Pese a la necesidad urgente de contar con las vacunas anti Covid-19 para inmunizar a la población de riesgo y a los médicos que están en la línea de frente, el ministro de salud Julio Mazzoleni pretende destinar nada menos que US$ 1 millón para promocionar la llegada de la vacuna. El millonario monto será repartido principalmente a los medios de prensa amigos, todos de la capital del país. Lo peor es que el dinero saldrá del fondo de emergencia destinado a la lucha contra el coronavirus.

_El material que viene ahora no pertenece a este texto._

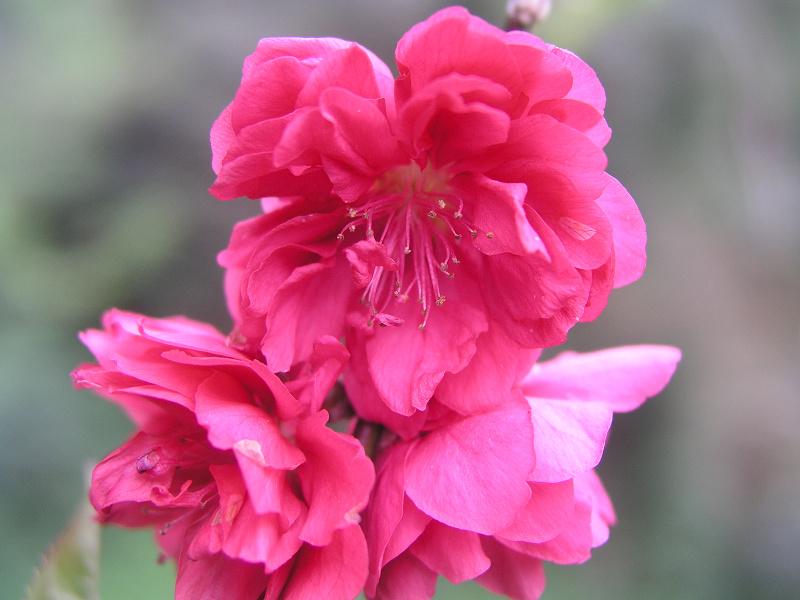 OLYMPUS DIGITAL CAMERA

La licitación para promocionar la llegada de las vacunas aparentemente estuvo plagada de irregularidades y fue denunciada ante la Dirección Nacional de Contrataciones Públicas, pero fue dejada sin efecto. De esta manera el MSP pretende silenciar a la prensa capitalina y evitar críticas por su tremenda ineficiencia a la hora de negociar la compra de vacunas, tanto por el mecanismo Covax como por gestiones propias con los laboratorios productores.

La semana pasada el MSP había anunciado con bombos y platillos la llegada de miserables 4.000 dosis de la vacuna rusa Sputnik V, que solo sirven para inmunizar a una ínfima cantidad de personas. Con orgullo la cartera de salud anunció que incluso estábamos por delante de Uruguay, que pocos días después dio una bofetada a las autoridades paraguayas con el anuncio de 2 millones de dosis que deben llegar en marzo.